Appellate Division of the Supreme Court of New York, Second Department
Jun 12, 1908
127 App. Div. 107 (N.Y. App. Div. 1908)

Opinion

June 12, 1908.

Ralph G. Miller [ Robert L. Luce and Charles D. Donohue with him on the brief], for the relator.

George B. Stoddart, for the respondent.


On the 23d day of February, 1904, the county treasurer of Nassau county executed a deed to the relator of land sold for taxes, which was recorded in the office of the clerk of Nassau county on the 31st day of March, 1904. On the 9th day of October, 1906, a petition for the cancellation of said deed and tax sale was presented to said county treasurer by a person claiming to be the owner of a part of the land thus sold and conveyed, and such proceedings were had thereupon that on the 28th day of February, 1907, said county treasurer canceled said tax sale and deed, whereupon an application was made to him by his grantee to set aside said cancellation pursuant to section 141 of the Tax Law (Laws of 1896, chap. 908, as amd. by Laws of 1897, chap. 392), and that application was on the 1st day of October, 1907, denied. The relator now seeks by certiorari to review the denial of her said application.

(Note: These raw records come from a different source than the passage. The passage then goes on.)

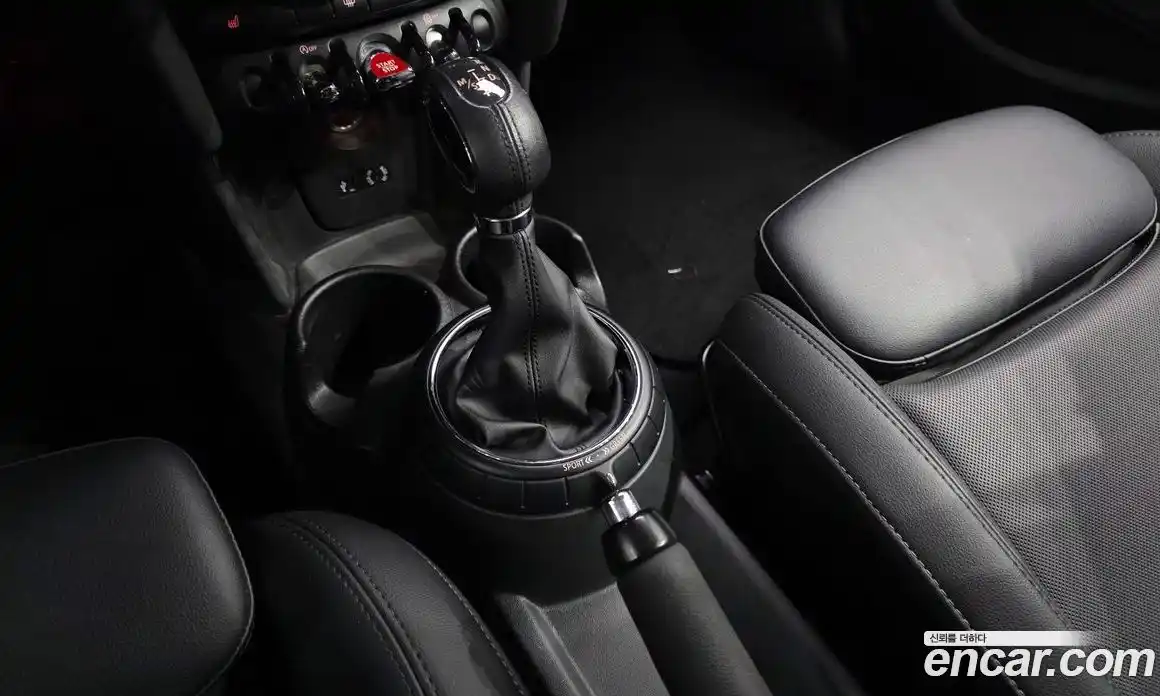 Mini Cooper 2015 1.5 гидро в Москве № 198433, фото 9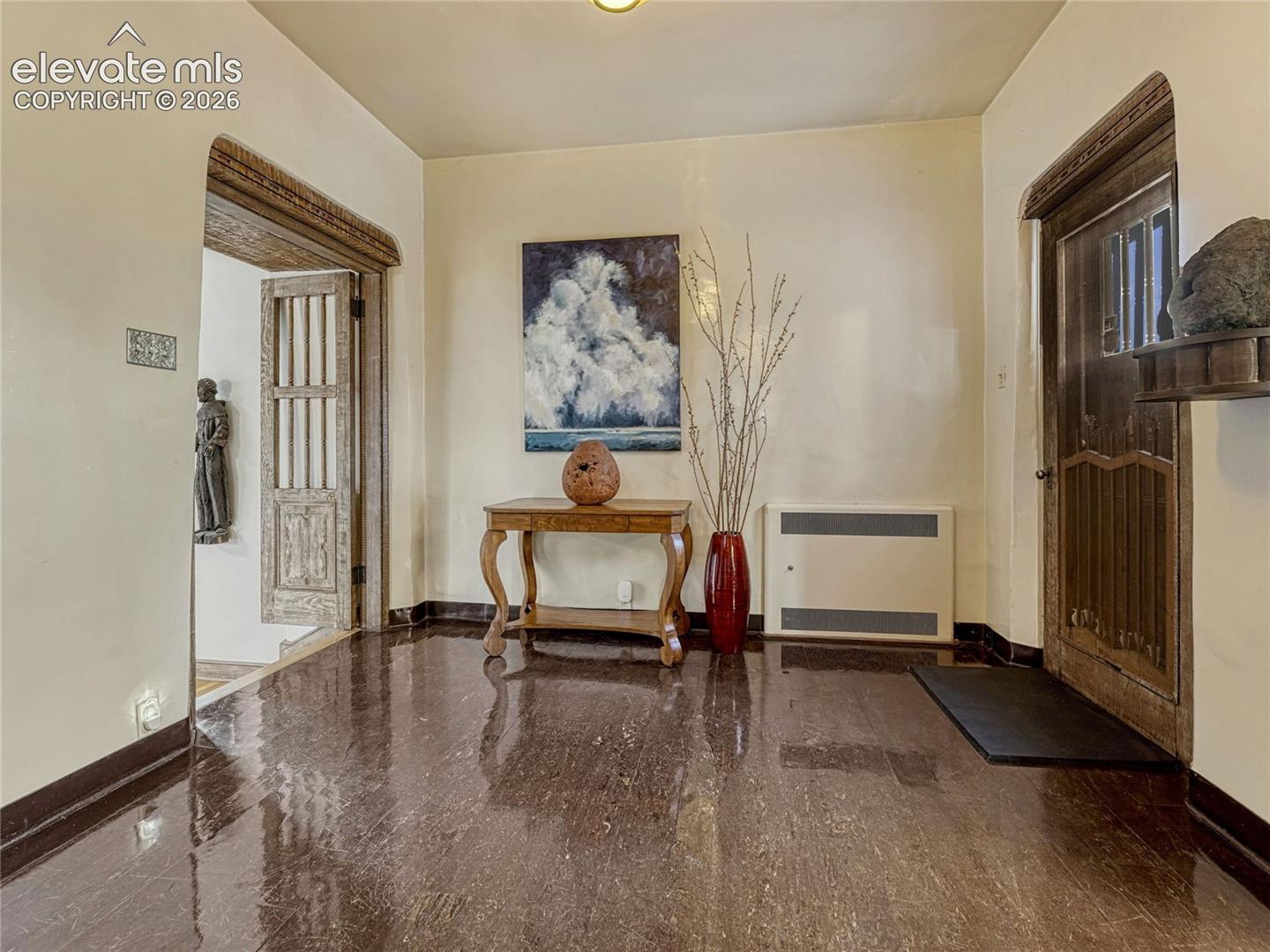 Art Deco laminate flooring and terra cotta tile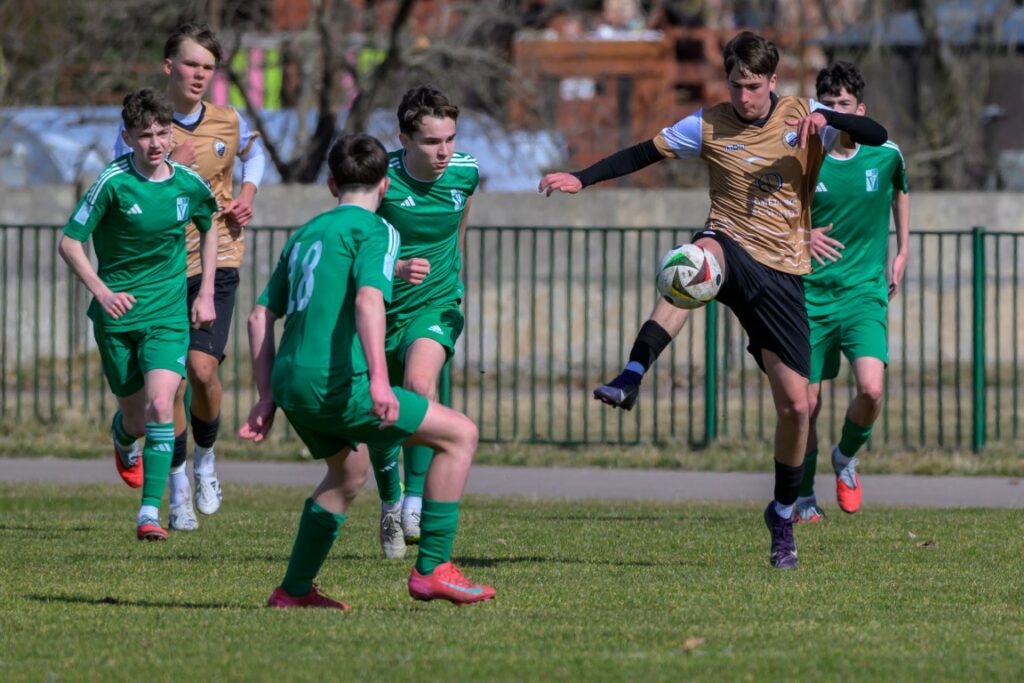zdjęcie(a) juniorów młodszych Victorii Sianów przed meczem i z meczu z Bałtykiem Koszalin, rozegranym w Sianowie 2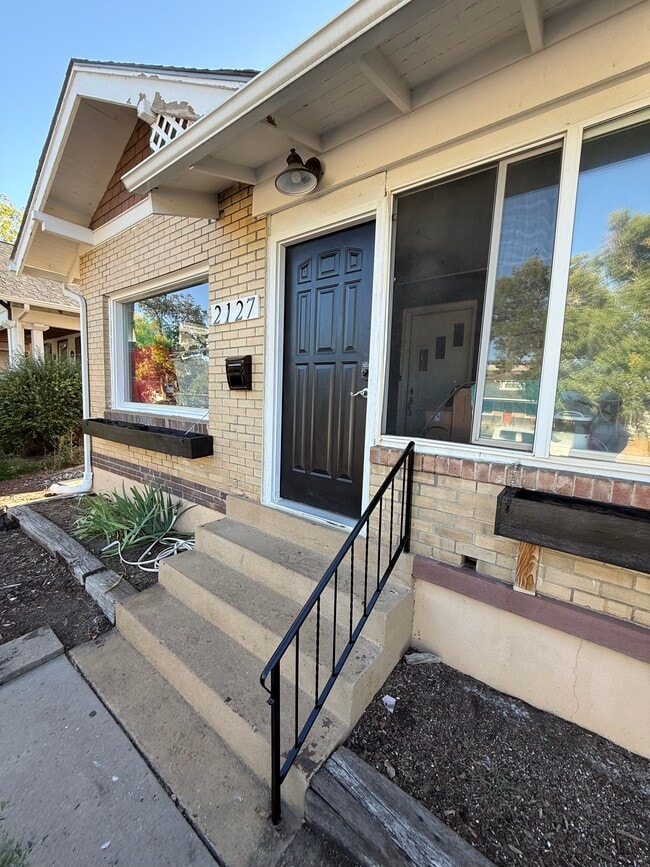 Foto del edificio - 2127 N Greenwood St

Said section 141 provides that the Comptroller shall upon the application of any one aggrieved thereby set aside any cancellation of sale made by him in either of the following cases: " First. When such cancellation was procured by fraud or misrepresentation. Second. When it was procured by the suppression of any material fact bearing on the case. Third. When it was made under a mistake of fact. Fourth. When such cancellation was made upon an application which the Comptroller, or any of his predecessors in office, had no jurisdiction or legal right to entertain at the time of such cancellation." The provisions of the statute applicable to tax sales made by the Comptroller also apply to sales made by county treasurers. (Tax Law, § 157.) The relator contends that the county treasurer did not have jurisdiction or a legal right to entertain the application for cancellation for the reason that her deed was executed more than two years before said application was made and was after the expiration of said two years conclusively presumed to be valid.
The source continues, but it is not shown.